Burpees is a seed and plant company of generations of repute. Their introduction of Quaker pie pumpkin seeds solidifies their position as one of the leaders of home crop selection. Quaker pie pumpkin plant really did come from a Quaker homestead. What other surprises does this magnificent pumpkin have to reveal? Read a bit further for the history of Quaker pie pumpkins and details on its attributes.
History of Quaker Pie Pumpkins
Heirloom pie pumpkins come in all shapes and sizes, colors and textures. When it comes time to order my seed for the next year, I select a few tried and true varieties and then mix things up with something new.
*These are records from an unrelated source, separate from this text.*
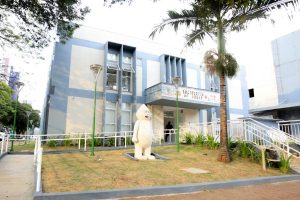 Maringá promove abertura oficial do 'Dia D' da Campanha Nacional de Multivacinação nesta sexta (17)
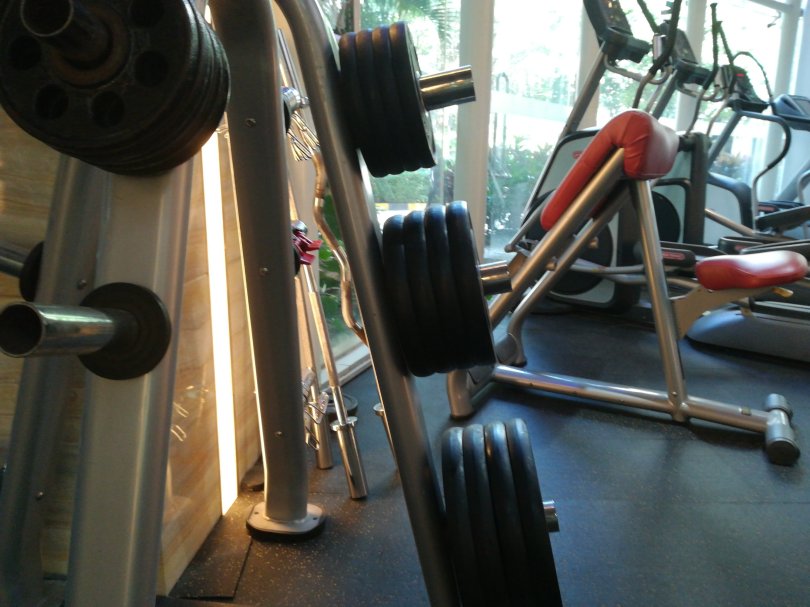 wp-15754360118414335256531162052949.jpg image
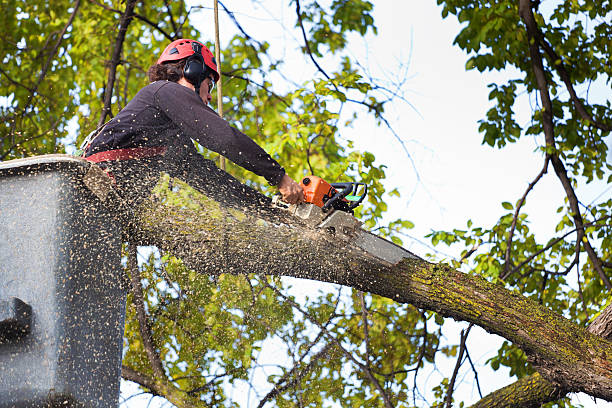 Best Affordable Tree Cutting  in USA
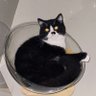 Guaskreal's profile picture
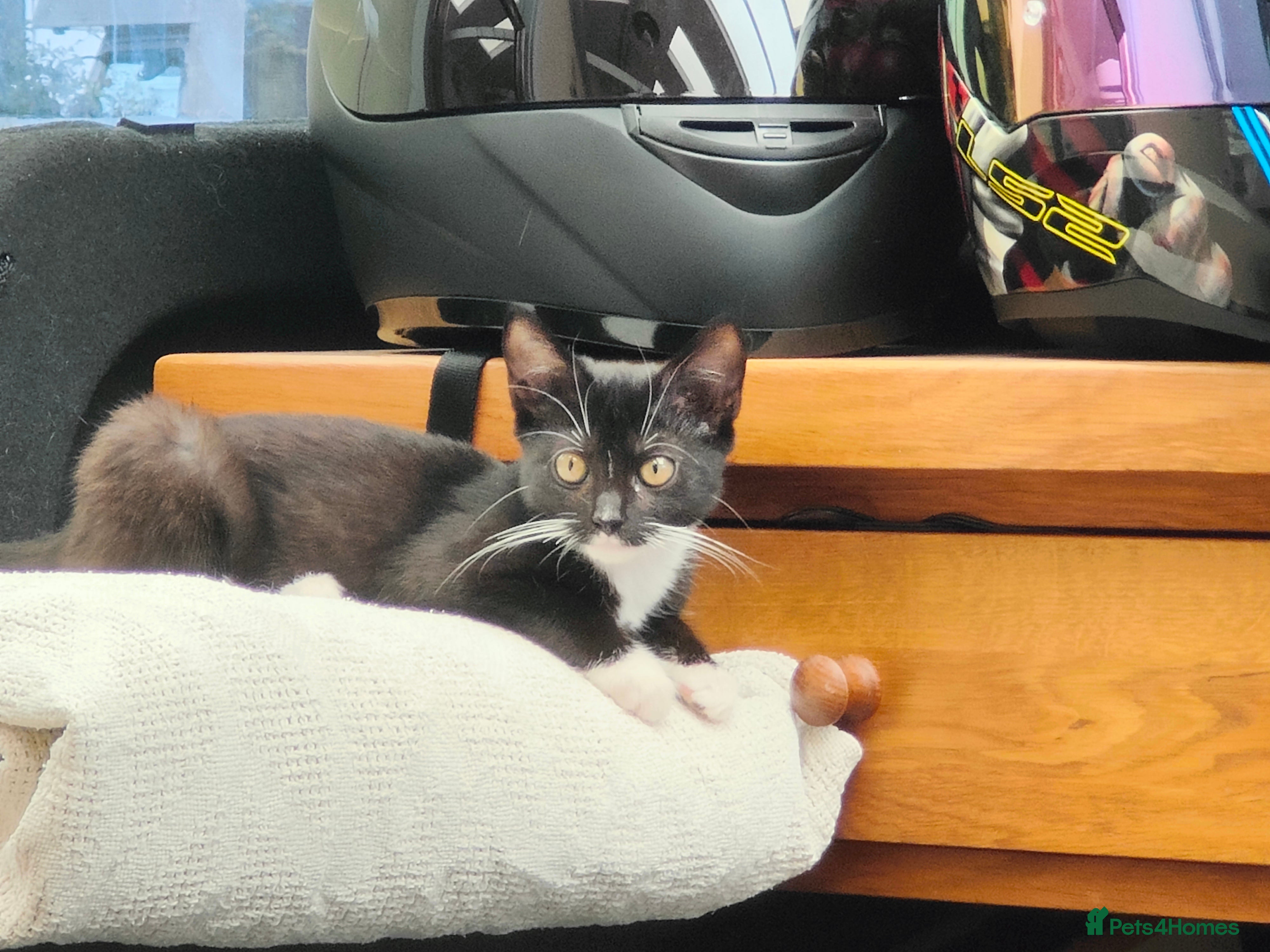 Mixed Breed cats 3 kittens 2 half Bombay 1 pure white  - Advert 2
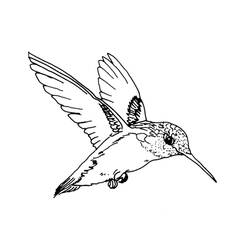着色页: 蜂鸟 (动物) #3783 - 免费可打印着色页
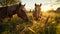 Close-up of Two horses grazing in the meadow at sunset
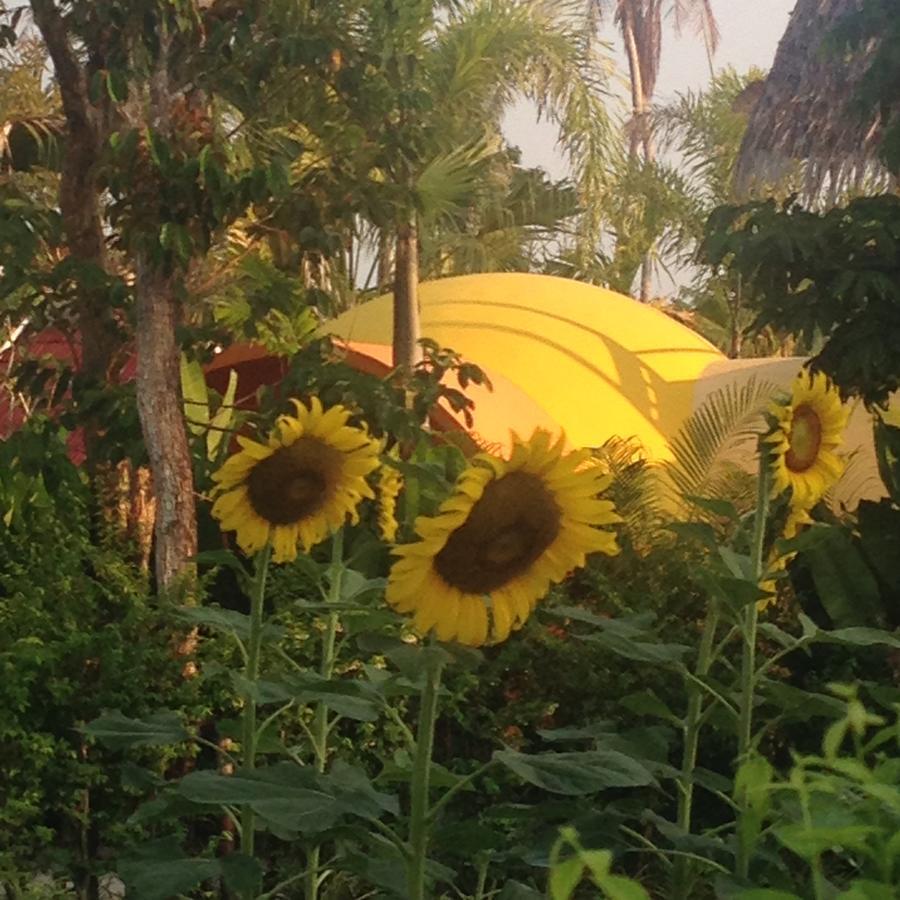 Pakasai Resort Nua Klong Ban Nua Khlong Dış mekan fotoğraf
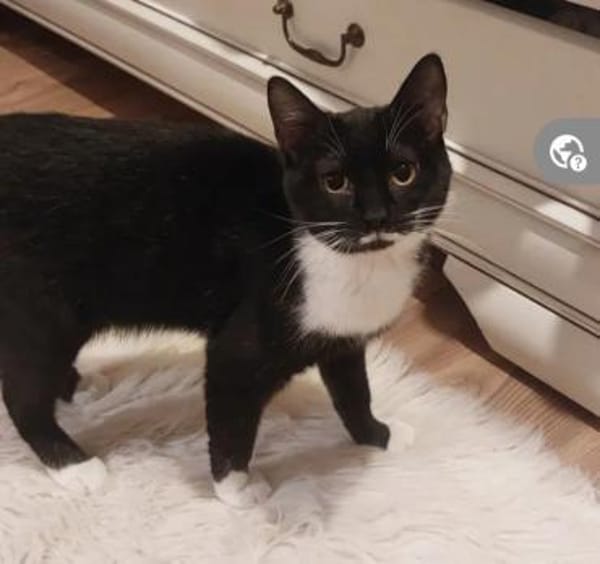 Bonnie Freundliches Katzenmädel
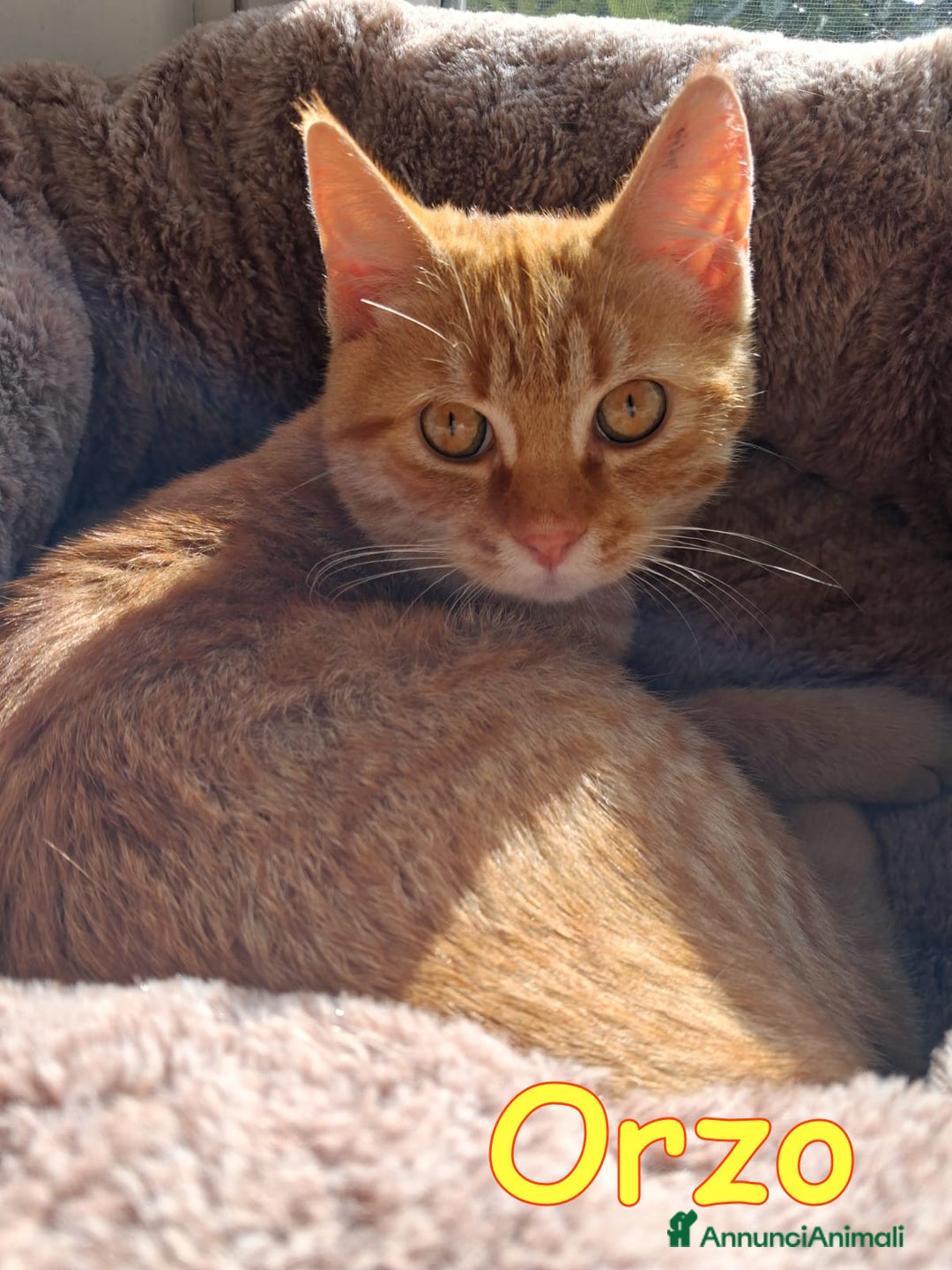 Europeo gatti in regalo: ORZO MICINO ADORABILE - Annuncio 1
This year I tried growing heirloom pumpkins recommended to me by a friend. They were Quaker pie pumpkin plants and the results were stupendous. Regulated fruit appeared quickly in cookie cutter form and size. These pumpkins don’t have a traditional Halloween pumpkin appearance but are just as exciting for their density, flavor and flesh colored skin.
If you think the only pumpkin worth growing are the Jack-O-Lantern types, think again. Quaker pie is a small squash with smooth creamy, almost blushed skin and firm ivory flesh. They hail from a small Quaker farm where the seed was consistently saved and grown year from year. Somehow, the plants which grew in Washington County, New York were discovered by W. Atlee Burpee and introduced commercially in the late 1800’s.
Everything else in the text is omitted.